The U.S. military is facing fresh concerns over its ability to fulfil operational obligations after it was revealed Tuesday in a Military News report that budget cuts have left the Navy without enough ships to take Marines to global hot spots. The revelation, which comes amid conflict over the national defense budget between the White House and Congress over how the Pentagon’s budget should be constructed, could force the Marines to either hitch rides on foreign ships or borrow them.
The Navy currently has 31 amphibious assaults ships, but needs as many as 38 in order to react to increased global obligations, in particular North Africa. But because of current budget constraints the Navy won’t be able to reach that number for another 13 years.
"Ceding our amphibious ships to other countries -- it's almost silly and I can't believe it is even an option for the Navy," said Rep. Duncan Hunter, R-Calif., who served as a Marine in Iraq. "Now we are going to have to ask other countries, much less financially stable countries than America, to loan us their ships so that we can base our Marines on their ships. It's almost embarrassing."
Jim Webb, former Secretary of the Navy under President Ronald Reagan until 1988, said that the Navy was too small, noting that when he left the job the total amount of ships was 568. That figure has more than halved to 280 today. "We are a maritime nation, and we communicate across the world through our sea services, and ... the size of the Navy right now is way too low," said Webb, who was a Marine infantry officer in Vietnam.
The U.S. Navy, however, has said that the move has less do with not having enough ships and more aimed at improving interoberability with its allies, including NATO. “It’s always encouraging to be able to work with our allies and I would encourage increasing our interoperability,” said U.S. Navy Cmdr. William Marks, Chief of Navy Media. “With the inclusion of the joint high speed vessel, mobile landing platform and a float forward staging base, the navy is well positioned to meet marine corps needs.”
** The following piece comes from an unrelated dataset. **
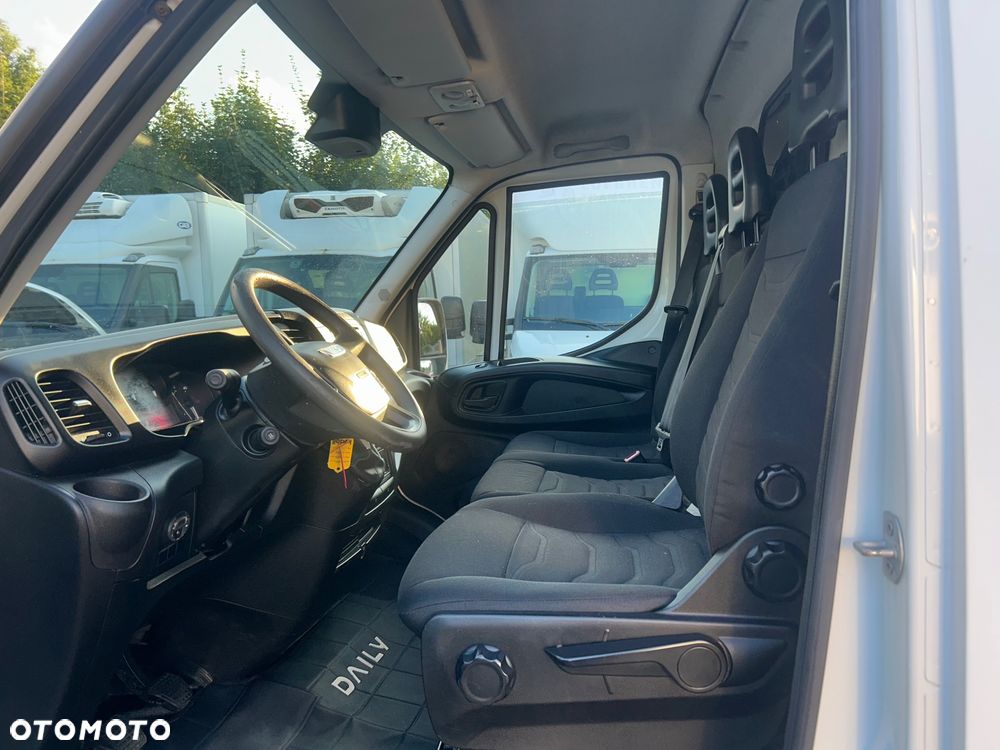 Iveco Daily - 12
Part of the reasoning for this new approach is because of the new nature of disaster response and warfare. Marines are increasingly working in smaller numbers, far removed from the days of the Afghanistan and Iraq war when Marine Corp would be operating in the thousands. But to avoid using large amphibious assault vessels for just a small number of marines, the U.S. Navy and the Marine Corps have been looking at other options, including placing marines on allied ships that are already operating in the region.
And while the Marine corps is yet to comment on any specific plans to use foreign ships, the issue of not having enough amphibious assault vessels is unlikely to be solved anytime soon.
The U.S. National Defense Authorization Act, also known as the defense budget, has passed without fail for the past 53 years. However, under forced defense spending caps agreed in 2011 and delayed until 2016, next year’s budget has put the White House and Congress at odds and may see the bill fail.
The White House wants to break spending caps for normal military spending and eliminate what’s known as the Overseas Contingency Operations Fund, or war fund – which is traditionally a fund that is used to fight official wars oversees and is exempt from spending limits. At its peak in 2007 it was at $211 billion. In the past it has been used by Congress to fund defense items that didn’t make it into the defense budget.
Congress, through the House and Senate Armed Service Committees, has voted to stay under the forced spending caps of $499 billion but wants to set the war fund at $89 billion to ensure it can pay for everything the military needs. If this version of the bill is presented to the White House, President Barack Obama has already said he will veto it because it would be unfair to other government departments that the Defense Department will be partially funded using a fund that does not adhere to spending limits.